Please repeat exactly the lines below from the line with "Irradiation of silicon" to the line with "Archiv Foto Webcam", including both, and leave out every picture.

Input data:
* * * * *
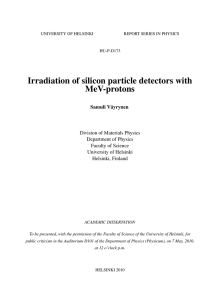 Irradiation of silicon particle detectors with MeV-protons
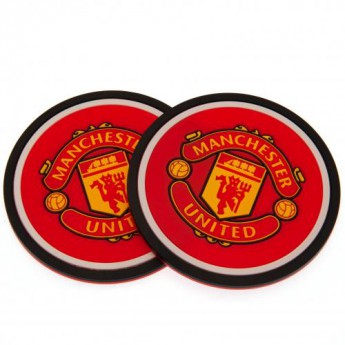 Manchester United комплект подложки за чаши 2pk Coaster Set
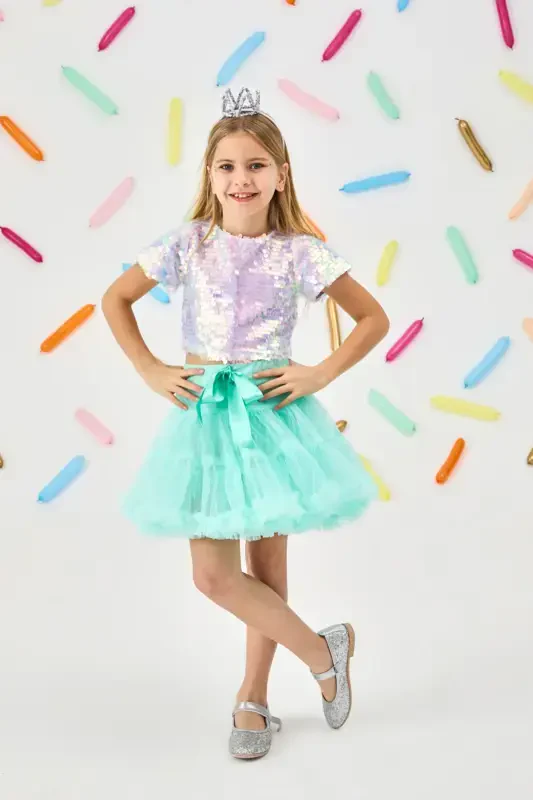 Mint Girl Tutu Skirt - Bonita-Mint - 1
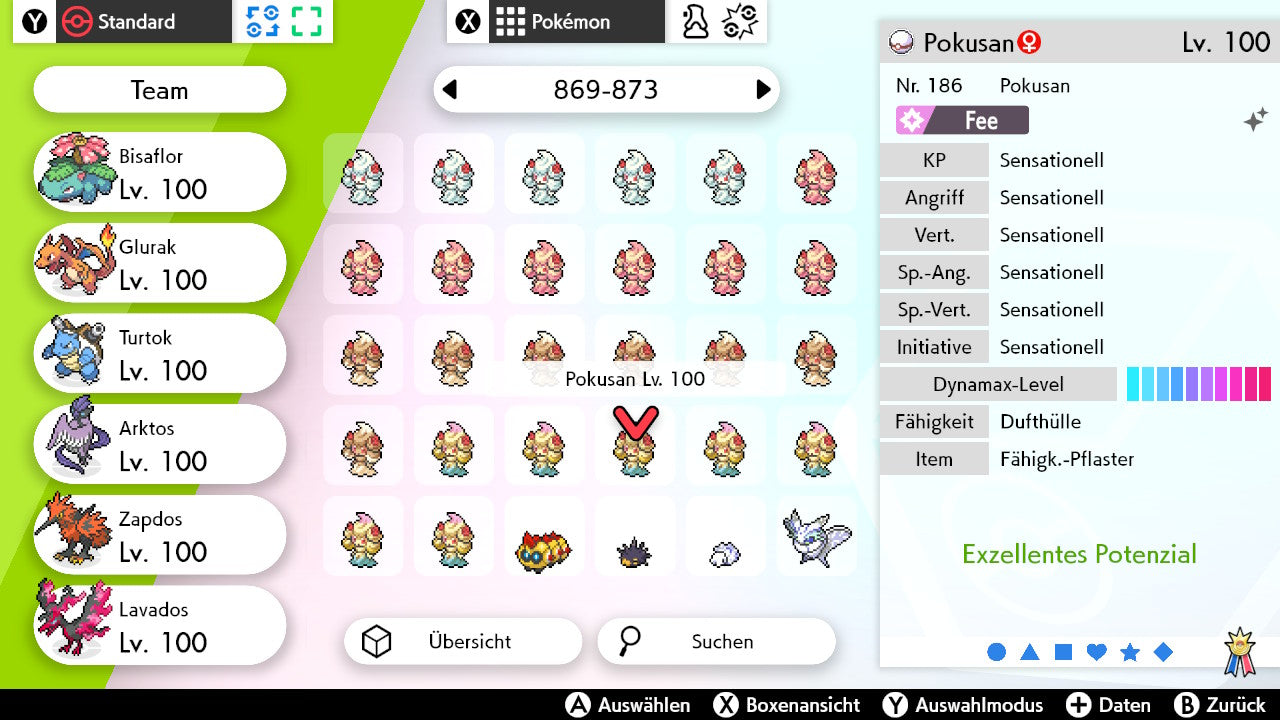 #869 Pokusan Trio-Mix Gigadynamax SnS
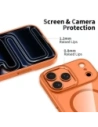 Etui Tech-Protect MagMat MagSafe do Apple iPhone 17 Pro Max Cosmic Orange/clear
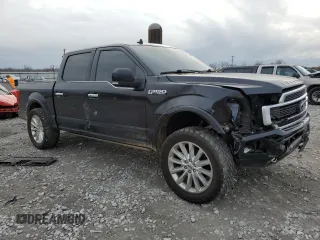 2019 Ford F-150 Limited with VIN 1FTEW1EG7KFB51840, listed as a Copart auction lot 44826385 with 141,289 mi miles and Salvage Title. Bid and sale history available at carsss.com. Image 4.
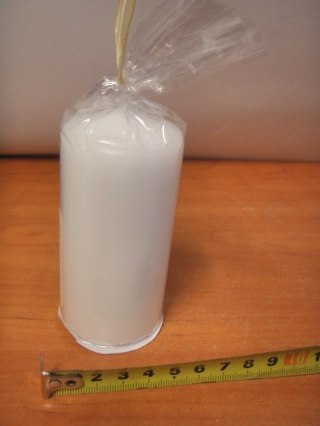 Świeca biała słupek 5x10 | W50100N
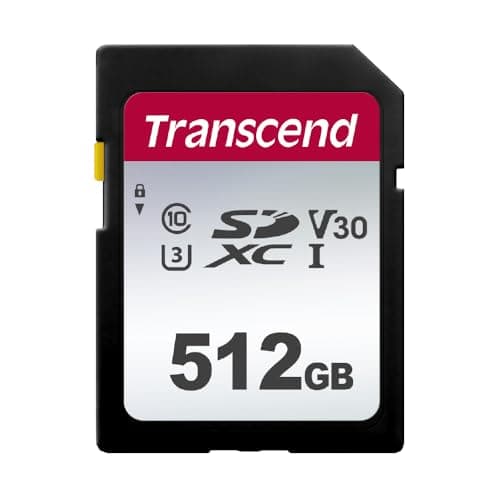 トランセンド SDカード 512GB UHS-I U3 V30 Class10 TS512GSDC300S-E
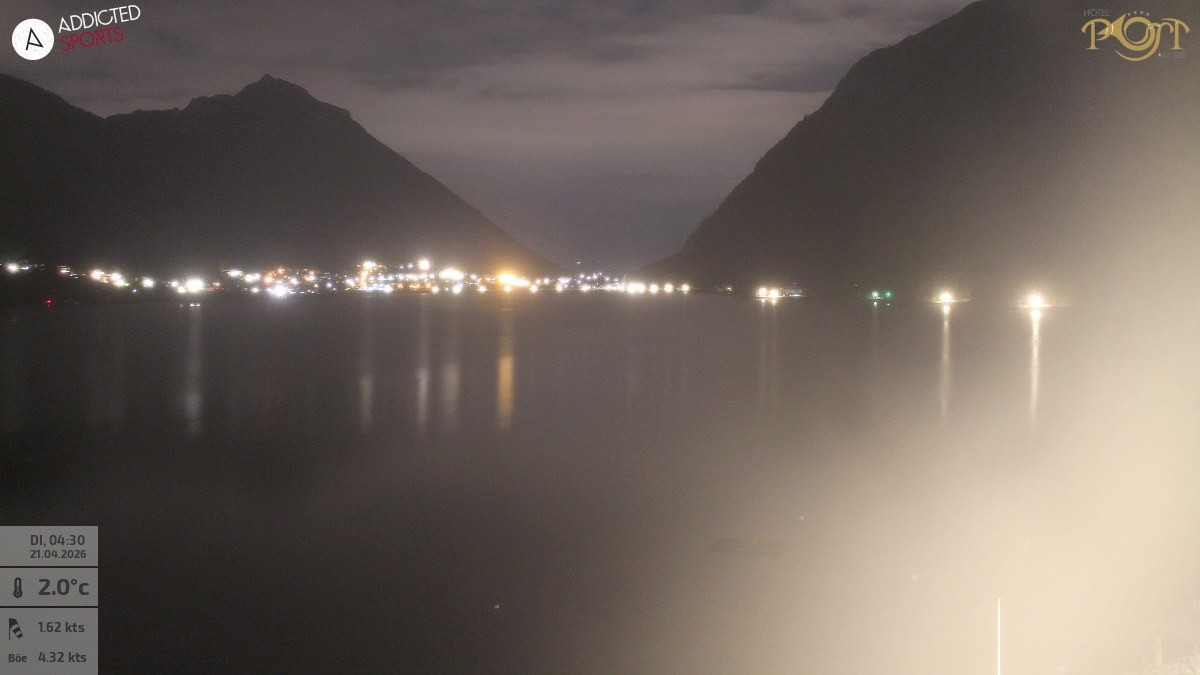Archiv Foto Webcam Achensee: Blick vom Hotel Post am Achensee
* * * * *
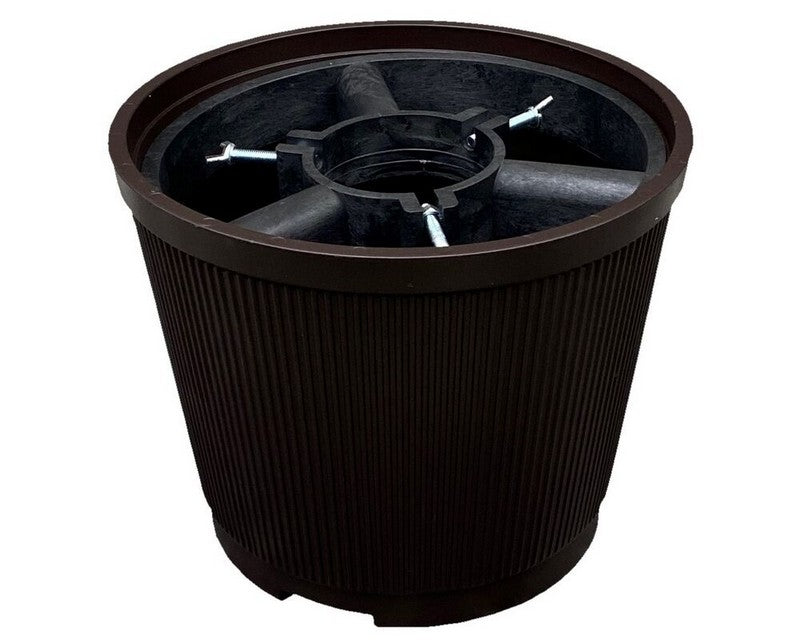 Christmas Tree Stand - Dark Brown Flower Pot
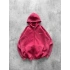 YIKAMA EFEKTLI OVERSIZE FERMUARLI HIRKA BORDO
* * * * *
Problem solution:
 Irradiation of silicon particle detectors with MeV-protons
 Manchester United комплект подложки за чаши 2pk Coaster Set
 Mint Girl Tutu Skirt - Bonita-Mint - 1
 #869 Pokusan Trio-Mix Gigadynamax SnS
 Etui Tech-Protect MagMat MagSafe do Apple iPhone 17 Pro Max Cosmic Orange/clear
 2019 Ford F-150 Limited with VIN 1FTEW1EG7KFB51840, listed as a Copart auction lot 44826385 with 141,289 mi miles and Salvage Title. Bid and sale history available at carsss.com. Image 4.
 Świeca biała słupek 5x10 | W50100N
 トランセンド SDカード 512GB UHS-I U3 V30 Class10 TS512GSDC300S-E
Archiv Foto Webcam Achensee: Blick vom Hotel Post am Achensee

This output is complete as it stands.